Filter the entries, keeping every line with the word "Pink".

(Records begins)

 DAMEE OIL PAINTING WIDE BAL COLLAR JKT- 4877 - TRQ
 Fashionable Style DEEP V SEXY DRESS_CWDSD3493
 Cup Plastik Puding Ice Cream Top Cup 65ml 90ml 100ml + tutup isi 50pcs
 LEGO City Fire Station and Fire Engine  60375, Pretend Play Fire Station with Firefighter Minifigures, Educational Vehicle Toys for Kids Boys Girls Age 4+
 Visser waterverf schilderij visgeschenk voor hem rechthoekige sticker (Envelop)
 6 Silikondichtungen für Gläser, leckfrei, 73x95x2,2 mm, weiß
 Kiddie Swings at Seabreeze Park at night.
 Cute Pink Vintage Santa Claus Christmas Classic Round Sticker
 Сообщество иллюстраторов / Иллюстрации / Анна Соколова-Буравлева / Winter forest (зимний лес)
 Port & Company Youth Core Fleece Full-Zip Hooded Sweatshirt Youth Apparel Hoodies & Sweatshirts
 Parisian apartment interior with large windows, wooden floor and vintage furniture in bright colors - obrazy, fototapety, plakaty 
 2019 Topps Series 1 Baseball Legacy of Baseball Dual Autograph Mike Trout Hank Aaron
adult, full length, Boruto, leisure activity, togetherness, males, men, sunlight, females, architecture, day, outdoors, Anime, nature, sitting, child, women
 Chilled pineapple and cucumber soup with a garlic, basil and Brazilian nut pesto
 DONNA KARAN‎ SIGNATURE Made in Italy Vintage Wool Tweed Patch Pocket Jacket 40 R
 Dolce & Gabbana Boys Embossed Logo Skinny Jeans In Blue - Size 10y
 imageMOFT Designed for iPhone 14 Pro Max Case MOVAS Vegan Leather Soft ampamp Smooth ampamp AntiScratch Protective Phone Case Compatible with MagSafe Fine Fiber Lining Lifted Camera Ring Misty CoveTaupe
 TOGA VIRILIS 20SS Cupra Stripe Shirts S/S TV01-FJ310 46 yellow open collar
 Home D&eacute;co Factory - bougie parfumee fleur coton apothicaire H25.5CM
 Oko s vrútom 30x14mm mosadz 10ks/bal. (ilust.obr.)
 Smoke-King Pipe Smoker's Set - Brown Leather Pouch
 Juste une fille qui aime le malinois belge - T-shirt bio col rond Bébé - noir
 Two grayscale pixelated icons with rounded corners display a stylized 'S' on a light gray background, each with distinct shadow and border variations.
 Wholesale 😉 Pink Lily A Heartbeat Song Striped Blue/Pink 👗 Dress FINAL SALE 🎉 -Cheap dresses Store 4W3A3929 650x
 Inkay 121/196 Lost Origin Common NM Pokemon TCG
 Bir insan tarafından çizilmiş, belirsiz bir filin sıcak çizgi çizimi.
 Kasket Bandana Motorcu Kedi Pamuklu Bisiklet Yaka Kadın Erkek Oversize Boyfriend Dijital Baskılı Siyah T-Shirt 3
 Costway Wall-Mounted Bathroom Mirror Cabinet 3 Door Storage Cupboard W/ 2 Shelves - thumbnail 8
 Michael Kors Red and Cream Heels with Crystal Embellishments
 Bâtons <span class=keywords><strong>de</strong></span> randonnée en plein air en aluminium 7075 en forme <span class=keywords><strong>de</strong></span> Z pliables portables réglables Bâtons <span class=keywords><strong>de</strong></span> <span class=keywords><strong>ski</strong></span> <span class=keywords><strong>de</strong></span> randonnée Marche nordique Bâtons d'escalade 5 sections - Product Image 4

(Records ends)

▶ Reply to the exercise:
 Cute Pink Vintage Santa Claus Christmas Classic Round Sticker
 Wholesale 😉 Pink Lily A Heartbeat Song Striped Blue/Pink 👗 Dress FINAL SALE 🎉 -Cheap dresses Store 4W3A3929 650x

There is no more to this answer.